Tuesday, May 26, 2009

Interview With Rick Glaze


On Wednesday, June 3rd at 7pm we'll welcome Rick Glaze, author of The Middle Fork, A Political Novel, to the store to kick off our June Author Series. I sat down with Mr. Glaze to ask him a little about the writer's life, and his inspiration.


How did you get started writing?
I started writing financial articles for the local papers more than 20 years ago. A decade back, I became a columnist for the Los Altos Town Crier, and this year for the Nob Hill Gazette in San Francisco. Five years ago, I went on a trip to Jamaica and started writing a kind of impressionistic, fictitious travel journal, part of which appears in The Middle Fork as dreams of the narrator, Jonathan. That fall I headed over to Stanford University to start 2 years of study in the Creative Writing Program. A few short stories followed and then The Middle Fork emerged.
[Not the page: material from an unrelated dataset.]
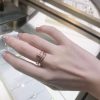 日本未入荷カルティエ ジュスト アン クル リング コピー 3色 kal21920 - 画像 (2)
Where did you get the idea for The Middle Fork?
Everybody brings a little bit of themselves on these trips, biases, anxieties and prejudices. Politics has become contentious and personal and many people are very stuck on their ideologies. Dan Brown elicited huge emotions about religion in his book, The Da Vinci Code. The same intense feelings float down a swollen river in my story as politics.

What’s your writing process like?
I wrote The Middle Fork very fast to get the flow of the river and the story on paper. That process makes the action and the dialogue very snappy, or, as a reviewer called it, “well paced.” The first draft was finished in 6 months, mostly from nights and weekends, but the rewrites took two more years. During that process I took several kayaking trips, for research, down the Grand Canyon, and the Rogue. The last rapid in the book is actually one on the North Umpqua River in Oregon. I work-shopped the early drafts at Stanford under the working title, The Purple River.